Dégel entre Paris et Varsovie

Dégel entre Paris et Varsovie

Au terme de sa visite en Pologne, Emmanuel Macron a relancé la coopération entre les deux pays, tout en mettant en garde contre la négation des principes européens. Un article de notre partenaire, Euractiv.

Il aura fallu près de quatre ans, à l’époque Emmanuel Macron n’était pas président, pas même candidat, pour que la relation franco-polonaise retrouve une respiration plus convenable aux intérêts des deux pays. L’arrivée au pouvoir du parti Droit et Justice, fin 2015, marqua un tournant. Vite exprimé lorsque Varsovie, en 2016, suspendit une commande d’hélicoptères militaires, jetant un froid entre les deux pays.

L’élection d’un nouveau président français ne changeait rien à l’affaire en 2017, loin de là. Puisque les tentatives du pouvoir polonais de régler ses vieux comptes politiques en muselant notamment l’indépendance de la justice offraient un second sujet de contentieux : l’état de droit. Aggravé de surcroît par les relents racistes justifiant bien souvent la fermeture totale à toute solidarité en matière d’accueil de réfugiés.

Les petites phrases fusèrent à Paris, aussi blessantes pour les Polonais que probablement inutiles, au fond, pour débloquer la situation. À l’époque, Emmanuel Macron misait encore sur un élan allemand à ses propositions de réforme de l’Europe. Depuis, le tableau européen a évolué. Berlin n’a pas vraiment répondu et se distingue par une absence criante de projet collectif pour l’UE. Les Britanniques ont mené à terme leur procédure de divorce. De nouvelles échéances communautaires approchent. Il fallait donc bouger.

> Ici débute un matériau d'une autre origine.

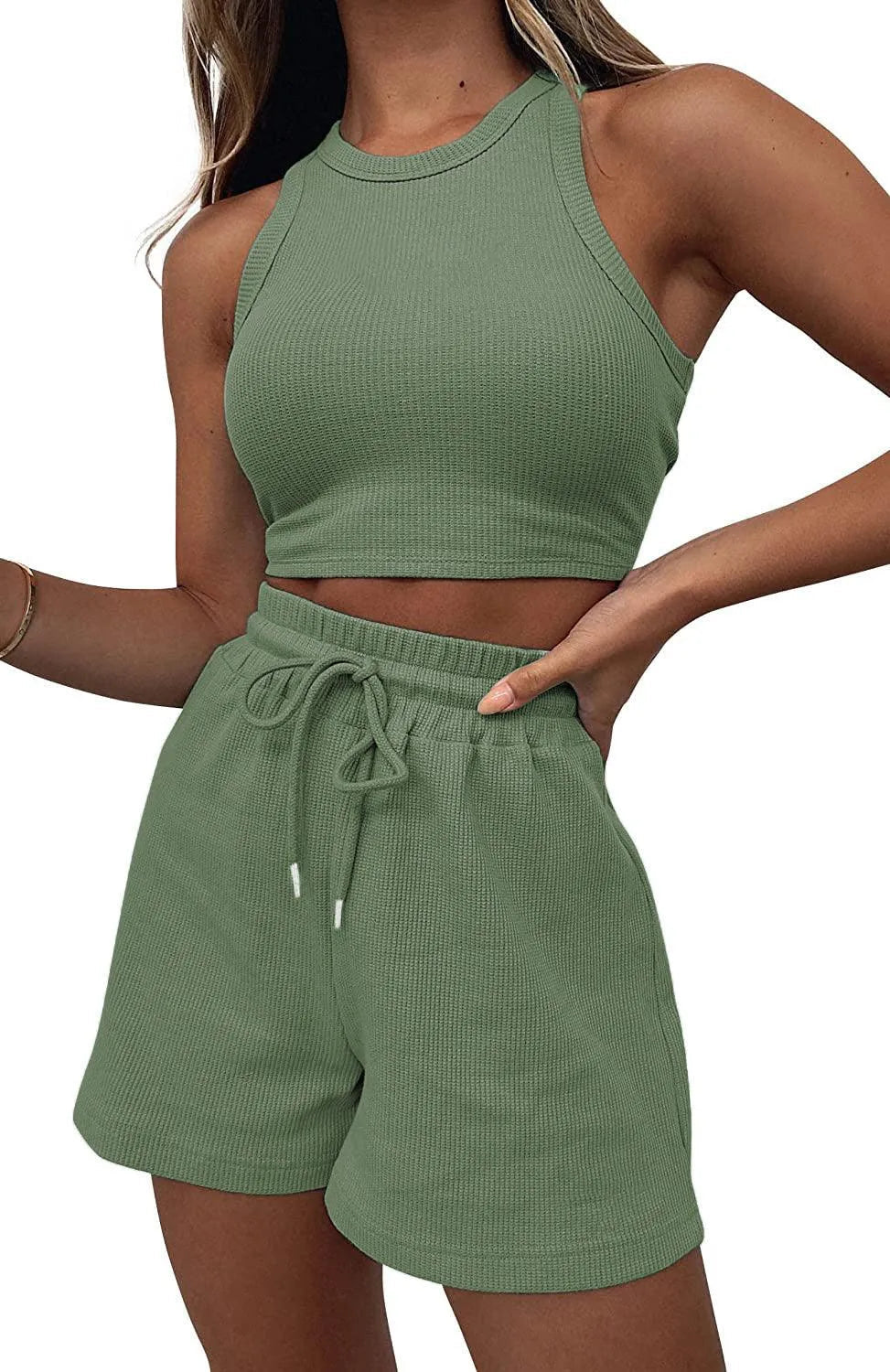 Levoire | Shorts de loisirs tendance unis avec un gilet Vert clair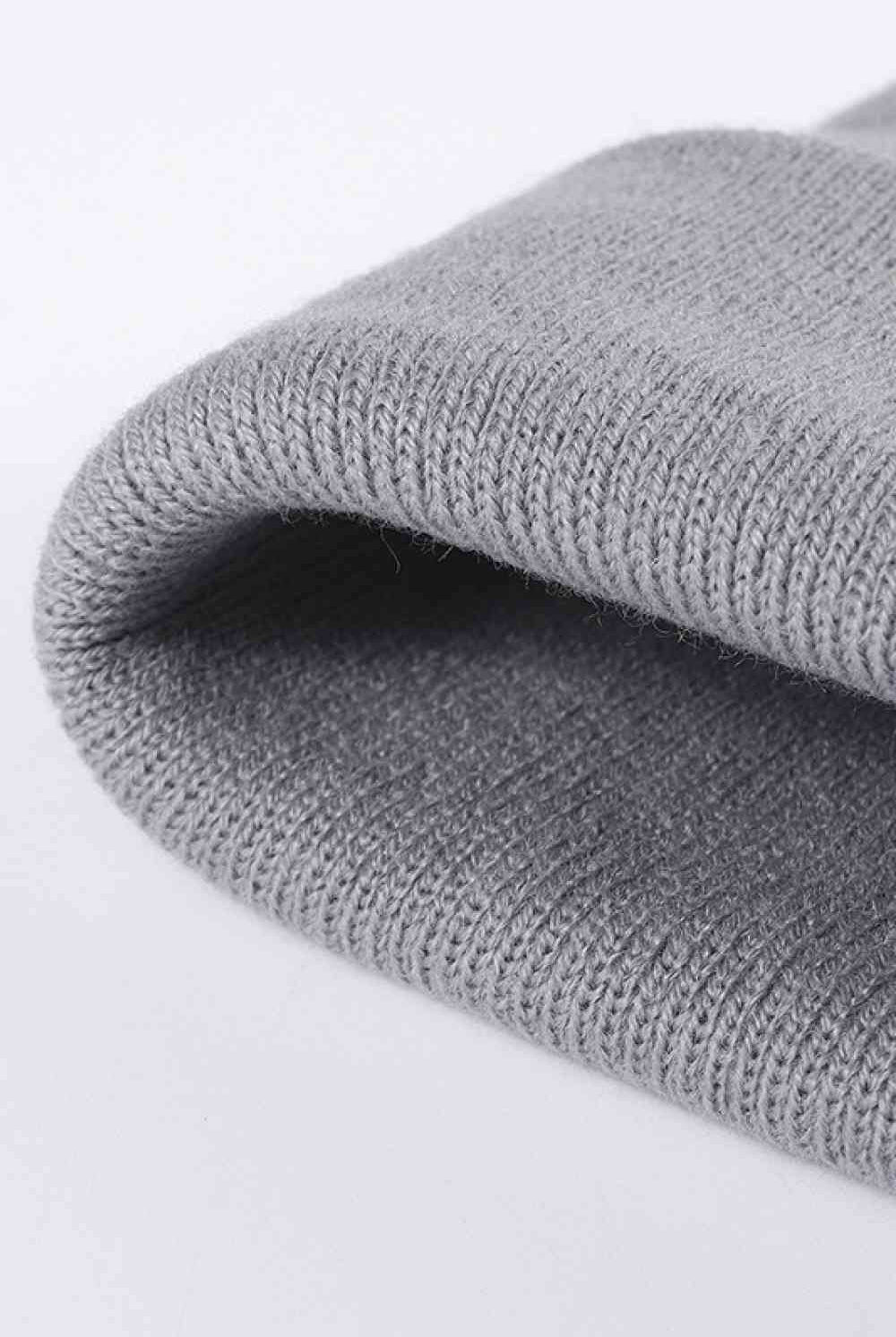 Light Gray Cuff Knit Beanie Winter Accessories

C’est ce qu’a fait le président français depuis quelques mois en réorientant son approche des pays d’Europe centrale, et durant les deux jours qu’il vient de passer en Pologne. On partait de loin, les pièges à déminer étaient nombreux. Au nom d’un certain réalisme dicté par les circonstances. Le Brexit modifie les équilibres européens, et tend à déplacer le barycentre de l’UE un peu plus à l’Est. Les grands dossiers en négociation à Bruxelles (climat, budget, défense) exigent de forger des alliances, notamment avec cette zone de l’Europe longtemps négligée par le pouvoir français.

Défense des valeurs

Un point demeure central, dans le cas de la Pologne. 94 % des Polonais sont attachés au maintien de leur pays dans l’UE. Record absolu parmi les Vingt-sept. L’antagonisme avec la Russie structure, bien sûr, cet attachement. Mais la mobilité des Polonais au cours des trente dernières années (vers la Grande-Bretagne, l’Allemagne ou l’Italie) a diffusé dans les familles polonaises l’évidence absolue qu’il serait absurde de se couper de l’Europe. Ce qui est en contradiction avec le désir de repli et d’affirmation identitaire.

Cette contradiction traverse toute l’Europe et toutes nos sociétés. Tout le monde perçoit simultanément deux phénomènes contradictoires : un besoin de relocalisation pour rompre avec certaines absurdités de la mondialisation, et une crainte d’enclencher un mécanisme de repli portant en soi un germe profondément réactionnaire, qui risque de miner nos valeurs.

Devant les étudiants de Cracovie, Emmanuel Macron a tenté de jouer sur la corde d’une identité européenne permettant justement de transcender cette contradiction. Il est difficile de dire s’il a convaincu les jeunes Polonais. Mais peu importe. Il appartient aux dirigeants politiques de faire vivre le débat politique dans cet espace que nous partageons, sans laisser ce rôle à l’administration bruxelloise. À l’heure du Brexit, le silence des autres dirigeants européens sur un tel registre paneuropéen est consternant. Le Brexit a pourtant démontré que la convenance ou la rationalité économique ne compense pas le besoin de politique. C’est-à-dire le besoin d’élaborer un récit commun.